Digital networked resistance has received a great deal of media attention recently. The research field is developing, but more needs to be understood about the role of technology in the enactment of resistance. Our goal is to explore both the role of digital devices and platforms in the processes of resistance.
This special edition aims to understand the role of technology in enabling and subverting resistance. We seek studies on the use of technology in the acts of protesting official power, as well as the use of technology in contesting power structures inherent in the technology or the technological platforms. Contributions are welcome from different methodological approaches and socio-cultural contexts.
We are looking for contributions addressing resistance, power, and technology. This call is interested in original works addressing, but not limited to:
- Problems with the use of Digital Resistance
- Powerholders capacity to map Digital Resistance-activists through surveillance
- How does Digital Resistance differ and/or function compared with Non-digital Resistance?
- Problems and advantages with combinations of Digital Resistance and non- Digital Resistance?
- Resistance to platforms
- Hashtag activism & hijacking
- Online protests & movements
- The use of humor/memes as resistance
- Selfies as resistance
- Globalization of resistance memes
- Ethical implications of digital resistance
- Online ethnography (testimonials/narratives provided by online participants)

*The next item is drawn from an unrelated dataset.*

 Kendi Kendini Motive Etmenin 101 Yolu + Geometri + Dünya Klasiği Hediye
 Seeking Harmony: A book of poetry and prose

- Issues concerning, privacy, surveillance, anonymity, and intellectual property
- Effective rhetorical strategies and aesthetics employed in digital resistance
- Digital resistance: Research methods and challenges
- The role of technology activism in shaping resistance and political agency
- Shaping the digital protest identity
- Policing digital activism
- Digital resistance as culture
- Virtual resistance communities
- The affordances and limitations of the technological tools for digital resistance
Abstracts should be 500 – 750 words (references not included). Send abstracts to firstname.lastname@example.org
Abstracts by 27 January 2019
Notification of acceptance 15 February 2019 Submission of final papers 1 April 2019
Max 12000 words (all included)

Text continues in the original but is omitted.